▶ **TASK DIRECTIONS**: Each of the records must appear again, exactly as it was written.

***** DATASET RECORDS *****

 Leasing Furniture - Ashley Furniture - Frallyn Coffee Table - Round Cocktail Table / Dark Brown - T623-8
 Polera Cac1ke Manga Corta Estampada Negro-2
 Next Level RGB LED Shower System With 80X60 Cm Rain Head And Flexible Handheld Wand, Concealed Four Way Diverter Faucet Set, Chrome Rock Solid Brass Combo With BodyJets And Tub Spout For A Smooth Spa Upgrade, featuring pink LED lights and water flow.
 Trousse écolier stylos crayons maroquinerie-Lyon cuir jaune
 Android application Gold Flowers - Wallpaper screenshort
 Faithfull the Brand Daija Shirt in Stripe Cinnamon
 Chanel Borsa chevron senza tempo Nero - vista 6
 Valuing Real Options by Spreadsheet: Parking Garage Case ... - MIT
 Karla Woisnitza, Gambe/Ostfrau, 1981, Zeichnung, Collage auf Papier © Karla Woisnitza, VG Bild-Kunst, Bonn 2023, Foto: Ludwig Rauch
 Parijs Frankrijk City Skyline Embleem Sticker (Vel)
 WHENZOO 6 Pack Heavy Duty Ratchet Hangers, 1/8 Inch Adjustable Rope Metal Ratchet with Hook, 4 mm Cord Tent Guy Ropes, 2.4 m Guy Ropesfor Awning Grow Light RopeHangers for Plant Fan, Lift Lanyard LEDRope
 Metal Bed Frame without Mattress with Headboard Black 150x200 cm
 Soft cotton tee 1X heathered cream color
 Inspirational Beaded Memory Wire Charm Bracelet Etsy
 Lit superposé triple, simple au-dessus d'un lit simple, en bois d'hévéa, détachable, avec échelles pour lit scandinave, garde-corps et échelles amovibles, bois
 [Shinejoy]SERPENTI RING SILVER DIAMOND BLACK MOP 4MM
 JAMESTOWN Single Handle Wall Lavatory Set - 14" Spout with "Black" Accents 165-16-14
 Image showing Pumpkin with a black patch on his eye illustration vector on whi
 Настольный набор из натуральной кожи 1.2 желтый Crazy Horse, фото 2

*****

▶ **EXPECTED OUTPUT**:
 Leasing Furniture - Ashley Furniture - Frallyn Coffee Table - Round Cocktail Table / Dark Brown - T623-8
 Polera Cac1ke Manga Corta Estampada Negro-2
 Next Level RGB LED Shower System With 80X60 Cm Rain Head And Flexible Handheld Wand, Concealed Four Way Diverter Faucet Set, Chrome Rock Solid Brass Combo With BodyJets And Tub Spout For A Smooth Spa Upgrade, featuring pink LED lights and water flow.
 Trousse écolier stylos crayons maroquinerie-Lyon cuir jaune
 Android application Gold Flowers - Wallpaper screenshort
 Faithfull the Brand Daija Shirt in Stripe Cinnamon
 Chanel Borsa chevron senza tempo Nero - vista 6
 Valuing Real Options by Spreadsheet: Parking Garage Case ... - MIT
 Karla Woisnitza, Gambe/Ostfrau, 1981, Zeichnung, Collage auf Papier © Karla Woisnitza, VG Bild-Kunst, Bonn 2023, Foto: Ludwig Rauch
 Parijs Frankrijk City Skyline Embleem Sticker (Vel)
 WHENZOO 6 Pack Heavy Duty Ratchet Hangers, 1/8 Inch Adjustable Rope Metal Ratchet with Hook, 4 mm Cord Tent Guy Ropes, 2.4 m Guy Ropesfor Awning Grow Light RopeHangers for Plant Fan, Lift Lanyard LEDRope
 Metal Bed Frame without Mattress with Headboard Black 150x200 cm
 Soft cotton tee 1X heathered cream color
 Inspirational Beaded Memory Wire Charm Bracelet Etsy
 Lit superposé triple, simple au-dessus d'un lit simple, en bois d'hévéa, détachable, avec échelles pour lit scandinave, garde-corps et échelles amovibles, bois
 [Shinejoy]SERPENTI RING SILVER DIAMOND BLACK MOP 4MM
 JAMESTOWN Single Handle Wall Lavatory Set - 14" Spout with "Black" Accents 165-16-14
 Image showing Pumpkin with a black patch on his eye illustration vector on whi
 Настольный набор из натуральной кожи 1.2 желтый Crazy Horse, фото 2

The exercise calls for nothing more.